BA Painting student takeover: Alia Hamaoui exploring cultural identity
Hello! My name is Alia Hamaoui and I’m just finishing BA Painting at Camberwell College of Arts. I was born in France and lived in Beirut, Lebanon until I was 10. I then moved to Somerset, where I lived until coming to Camberwell. I came to Camberwell to do my foundation and originally I wanted to do my BA at Chelsea. But my tutors thought that Camberwell was the best place for me and they were completely right. The painting course has been great and I love Camberwell because it is such a close knit community!
My practice deals with the expanded field of painting, where I reconfigure and play with materials from a specific environment to consider their relationship to one another and to the premise of cultural identity. The notion of the relic is really important to my practice in how it can convey the atmosphere of a place or time within an object and how it suggests man’s attempt to carve and construct our own identity. I play with this by using the process of construction and deconstruction at the core of my practice. I am also concerned with how images have effected our perceptions of identity. I play with poor quality digital images, embedding them into sculptures and materials to suggest a lack of separation between the physical and the perceived.
The pieces that I have made for the degree show are a kind of relics that tell a ‘story’ of cultural identity from the perspective of a bath house. I’ve made soap sculptures, a print, a towel rack complete with towel and tiled structure based on a fountain wall, in order to suggest the sensory qualities of this environment. I wanted to play with the mystery that is normally associated to a heterotopia location and a socially divided location, so the work I have created all play with illusionistic qualities and have a very strong architectural grounding. I am ultimately trying to make an object or arrangement of materials that are particular enough that they can evoke their own sense of atmosphere.
I started by just making loads of experiments and smaller works to test out new materials and how they work together. Its normally all quite shoddy at this point, but it’s pretty fun. I then try and figure out how to mash all these tested elements together. I normally do this by creating a sort of framework; sometimes I create a wood structure to make a more architectural surface to build these materials onto. I often have to get to a point when my practice is saturated with ideas and methods, so that I can start emptying out again and picking a specific avenue to explore.

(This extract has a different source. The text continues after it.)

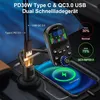 A car's interior with a phone charging wirelessly and a Bluetooth FM transmitter plugged into a car charger. Produktbild-Vorschau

My material choices are one of the most important parts of my practice. In this body of work for example, all the main materials chosen are used in order to evoke a bathroom or bath house world. So they tend to come out of a kind of conceptual framework. An image in some format is normally involved in the work that I make. So, I often think of how my materials choice can enhance a quality in the image that I want to evoke.
For example, in the piece ‘Steamy Gents’, the print is a tightly cropped image of a two men sitting in a pool in a bath house. The emphasis of the image is the plump bulbous bellies appearing out of the steam. I chose to print on two tapestry meshes overlaid, as the material allows for a kind of warping effect, that makes the image move as you walk around it. The material almost simulates the quality of the mist that is in the image, creating a relationship between the physical and the implied. But a lot of the time my pairing of materials and how I play with them is much more organic, and more processed based. I think the two soap blocks (Rejuvenated Excavation I and II) are perfect examples of this.

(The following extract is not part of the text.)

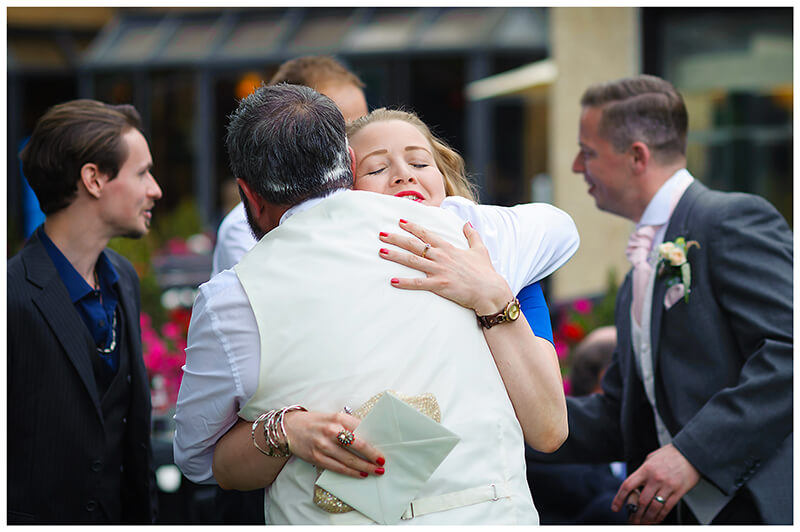 female wedding guest hugs groom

For this body of work, I have been using some moulding processes to make the tiles and soap works. I stayed clear from the traditional methods of making. So for example my tiles are made with plaster and sugar paper embedded, then varnished. This is instead of a traditional clay and glazed tile. The reason for this is it allows a certain freedom to make things when you are not concerned with if you are making them in the ‘correct’ manner, therefore you can develop your own method of making. There is also a lot to be learnt in that tradition too, so maybe that’s what I’ll spend the next year doing.
As well as very physical techniques I also use Photoshop and Sketchup . They are very good for trying to get a lot of ideas out quickly as it allows you to almost instantaneously visualise something.